» Activity
Output the records, every one, exactly as given.

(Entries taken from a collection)
*** Block opens ***
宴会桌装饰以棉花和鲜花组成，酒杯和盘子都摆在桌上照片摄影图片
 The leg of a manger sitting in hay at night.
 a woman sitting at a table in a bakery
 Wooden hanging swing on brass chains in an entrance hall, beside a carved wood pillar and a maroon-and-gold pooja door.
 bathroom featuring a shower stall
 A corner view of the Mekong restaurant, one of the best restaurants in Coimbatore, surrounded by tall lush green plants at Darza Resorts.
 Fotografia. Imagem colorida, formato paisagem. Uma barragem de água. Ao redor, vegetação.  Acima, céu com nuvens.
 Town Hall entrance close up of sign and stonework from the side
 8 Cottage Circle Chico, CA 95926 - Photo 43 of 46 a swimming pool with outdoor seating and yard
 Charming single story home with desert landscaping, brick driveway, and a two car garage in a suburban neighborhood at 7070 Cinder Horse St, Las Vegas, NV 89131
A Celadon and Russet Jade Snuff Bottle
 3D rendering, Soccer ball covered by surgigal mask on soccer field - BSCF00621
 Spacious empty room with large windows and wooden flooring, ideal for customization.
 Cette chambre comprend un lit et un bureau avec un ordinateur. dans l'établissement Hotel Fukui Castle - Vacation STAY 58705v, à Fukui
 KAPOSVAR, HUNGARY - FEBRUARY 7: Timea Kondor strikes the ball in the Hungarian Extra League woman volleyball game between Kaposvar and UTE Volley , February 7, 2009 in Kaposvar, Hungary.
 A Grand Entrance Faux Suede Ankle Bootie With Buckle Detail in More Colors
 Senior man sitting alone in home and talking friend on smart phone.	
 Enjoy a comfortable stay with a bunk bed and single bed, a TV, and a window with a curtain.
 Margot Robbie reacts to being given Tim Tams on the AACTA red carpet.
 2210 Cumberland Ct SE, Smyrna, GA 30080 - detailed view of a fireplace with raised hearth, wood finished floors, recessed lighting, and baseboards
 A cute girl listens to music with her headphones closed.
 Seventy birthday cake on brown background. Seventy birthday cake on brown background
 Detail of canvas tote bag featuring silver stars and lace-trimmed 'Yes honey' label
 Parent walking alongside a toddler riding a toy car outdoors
*** Block closes ***
» Result of the task
宴会桌装饰以棉花和鲜花组成，酒杯和盘子都摆在桌上照片摄影图片
 The leg of a manger sitting in hay at night.
 a woman sitting at a table in a bakery
 Wooden hanging swing on brass chains in an entrance hall, beside a carved wood pillar and a maroon-and-gold pooja door.
 bathroom featuring a shower stall
 A corner view of the Mekong restaurant, one of the best restaurants in Coimbatore, surrounded by tall lush green plants at Darza Resorts.
 Fotografia. Imagem colorida, formato paisagem. Uma barragem de água. Ao redor, vegetação.  Acima, céu com nuvens.
 Town Hall entrance close up of sign and stonework from the side
 8 Cottage Circle Chico, CA 95926 - Photo 43 of 46 a swimming pool with outdoor seating and yard
 Charming single story home with desert landscaping, brick driveway, and a two car garage in a suburban neighborhood at 7070 Cinder Horse St, Las Vegas, NV 89131
A Celadon and Russet Jade Snuff Bottle
 3D rendering, Soccer ball covered by surgigal mask on soccer field - BSCF00621
 Spacious empty room with large windows and wooden flooring, ideal for customization.
 Cette chambre comprend un lit et un bureau avec un ordinateur. dans l'établissement Hotel Fukui Castle - Vacation STAY 58705v, à Fukui
 KAPOSVAR, HUNGARY - FEBRUARY 7: Timea Kondor strikes the ball in the Hungarian Extra League woman volleyball game between Kaposvar and UTE Volley , February 7, 2009 in Kaposvar, Hungary.
 A Grand Entrance Faux Suede Ankle Bootie With Buckle Detail in More Colors
 Senior man sitting alone in home and talking friend on smart phone.	
 Enjoy a comfortable stay with a bunk bed and single bed, a TV, and a window with a curtain.
 Margot Robbie reacts to being given Tim Tams on the AACTA red carpet.
 2210 Cumberland Ct SE, Smyrna, GA 30080 - detailed view of a fireplace with raised hearth, wood finished floors, recessed lighting, and baseboards
 A cute girl listens to music with her headphones closed.
 Seventy birthday cake on brown background. Seventy birthday cake on brown background
 Detail of canvas tote bag featuring silver stars and lace-trimmed 'Yes honey' label
 Parent walking alongside a toddler riding a toy car outdoors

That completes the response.